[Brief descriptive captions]
━━━━━━━━━━
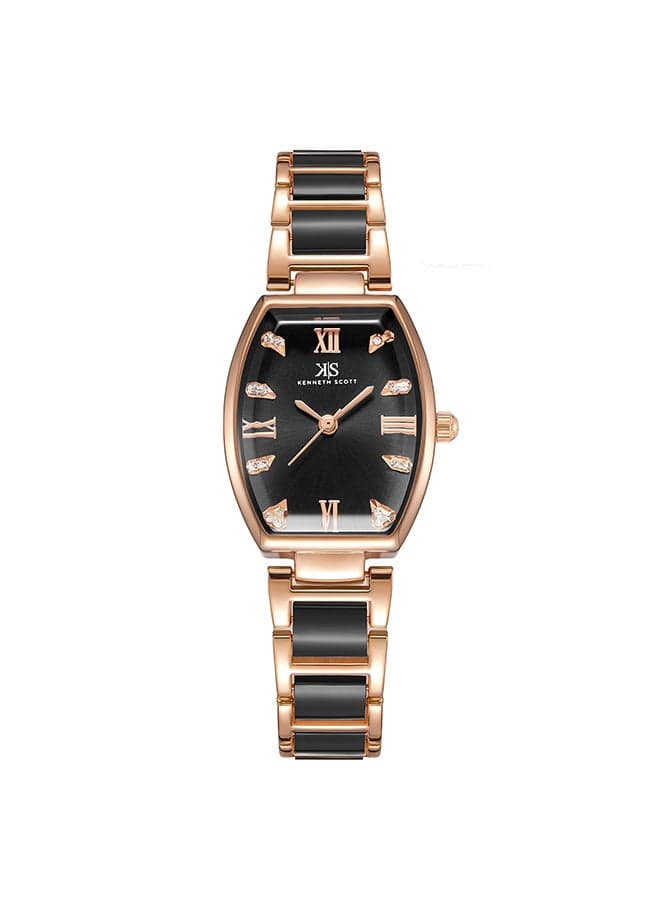 KENNETH SCOTT K23520-RCBB Elegant Ceramic & Metal Women's Watch - Image 1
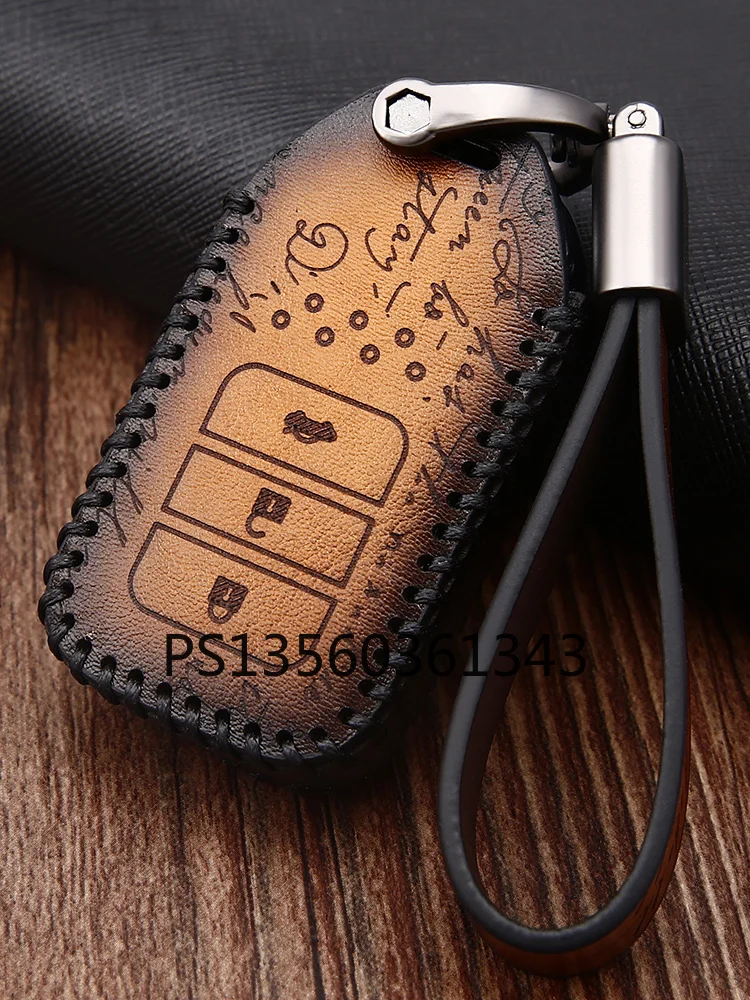 Suitable for Honda CR-V Civic X Accord HR-V XRV Crider Jade Avancier Jazz leather key case
Suitable for Honda CR-V Civic X Accord HR-V XRV Crider Jade Avancier Jazz leather key case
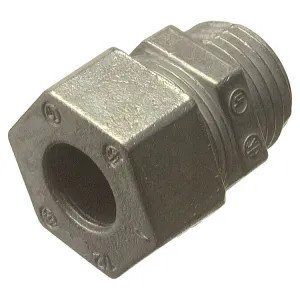 Halex 21692 Halex 21692 Strain Relief Cord Connector, 1/2 in EMT, Steel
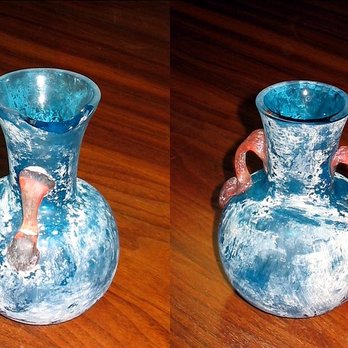 Riordan Artistry - Had to cut this beautiful vase down a bit and re-grind and polish the top lip. - Glass & Mirrors Near Me - Villa Park, Illinois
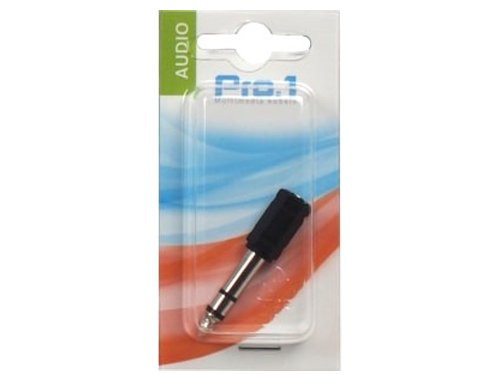 Audio adapt 6,3 jack stereo -> 3,5 contra stereo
━━━━━━━━━━
**TASK GOAL**
Could you retype all the entries above exactly, without the pictures?

**ANSWER FOR THE TASK**
 KENNETH SCOTT K23520-RCBB Elegant Ceramic & Metal Women's Watch - Image 1
 Suitable for Honda CR-V Civic X Accord HR-V XRV Crider Jade Avancier Jazz leather key case
Suitable for Honda CR-V Civic X Accord HR-V XRV Crider Jade Avancier Jazz leather key case
 Halex 21692 Halex 21692 Strain Relief Cord Connector, 1/2 in EMT, Steel
 Riordan Artistry - Had to cut this beautiful vase down a bit and re-grind and polish the top lip. - Glass & Mirrors Near Me - Villa Park, Illinois
 Audio adapt 6,3 jack stereo -> 3,5 contra stereo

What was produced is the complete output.